Holy smokes, I am about to throw down with the mail lady!

And then she farted. A big, wet, loud, trumpeter fart. It threw me off mentally, and her first punch caught me unawares - a glancing blow to the chin.

"My GOD! My GOD!" I stammered. "What is wrong with you?" She rared back again but I was anticipating it this time and handily dodged her ham fist. I have watched a fair amount of UFC fights, so I did a leg sweep and proceeded to ground and pound her ass. She was panting and sweating, the seams of her blue polyester postal pants being stretched to their limit as she kicked furiously. I took a orthopedic shoe to the right side of my head, but the thick soles did little damage. Hush Puppies are not known for their usefulness in a brawl.

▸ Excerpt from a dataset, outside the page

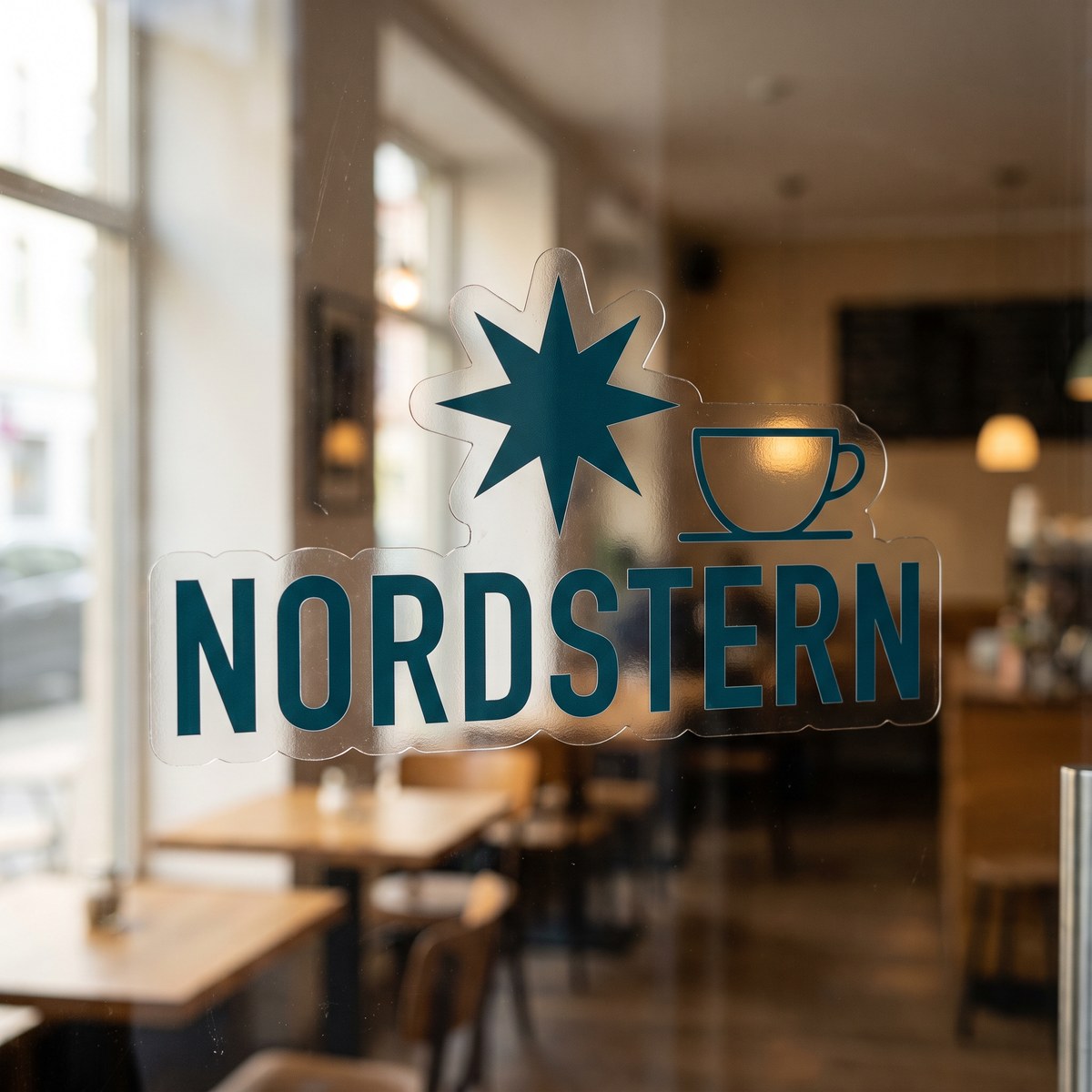 Konturgeschnittener Vinyl-Sticker auf transparenter Folie mit dem Logo einer Beispielfirma an einer Ladentür aus Glas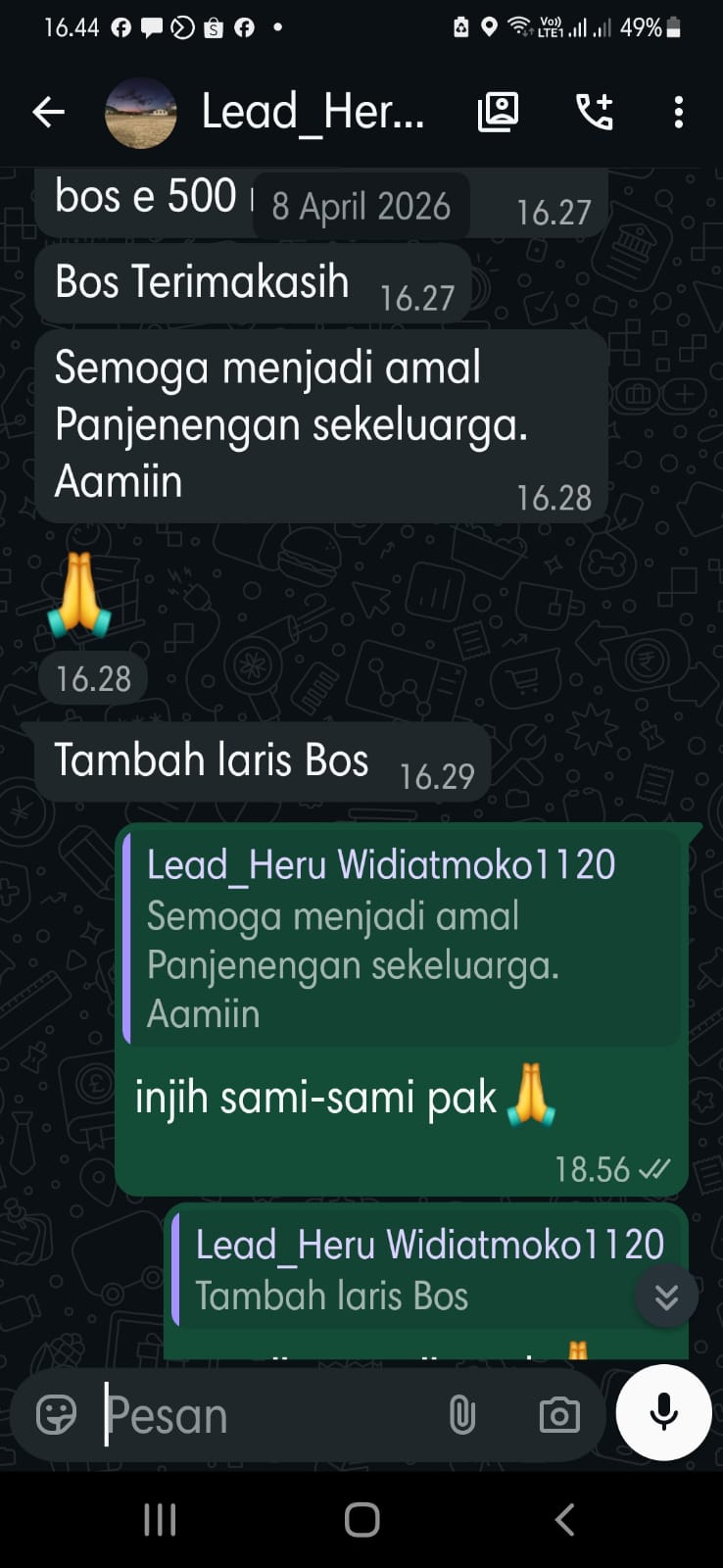 Testimoni pak Heru Musolah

I hit her with short, brutal jabs, each one punctuated with a USPS reprimand - "INSUFFICIENT ADDRESS!" I yelled. "POSTAGE DUE!" The spittle flew from my lips. And as the flurry of blows slowed, she looked at me, her eyes begging for mercy.

"I'm a government employee." she gasped.

I stood at last at looked down at her, whimpering on the sidewalk, mail strewn about. I could see by the flyer plastered to the side of her face that Harris Teeter had whole chickens on sale for 49 cents a pound this week. I'd have to get by there. Before I walked away, I reached down and picked up my mail. I looked at her with a mixture of pity and disgust and uttered the epithet to our encounter - "Return to sender, bitch."

God. Okay, none of this happened. I have had a really boring week and I don't like the mail lady and I may have fantasies about kicking her ass. This is as close as I'll ever get to actually doing it.


  1. Kelly I read this sitting in funstation and laughed the whole time - everyone that walked by looked at me like i was crazy - then I made Reggie read it and got the same looks lol

  2. The M-41 Postal Handbook provides: “Delivery may be made to a customer on the street if it does not delay the carrier unreasonably.” It is also permissible if the customer has given the letter carrier some fried chicken.

  3. You will always be my favorite USPS employee, Patrick. Maybe I need to slip her some chicken, thanks for the advice!

  4. You are too funny!

    I have had similar fantasies about our mail persons here. We are in some dumb extra neighborhood classification or something that means we are randomly assigned to whoever hates us the most. Add to it the fact that we have a mailbox on our house instead of the street and we're lucky to get the mail by 5 minutes 'til 5pm most days.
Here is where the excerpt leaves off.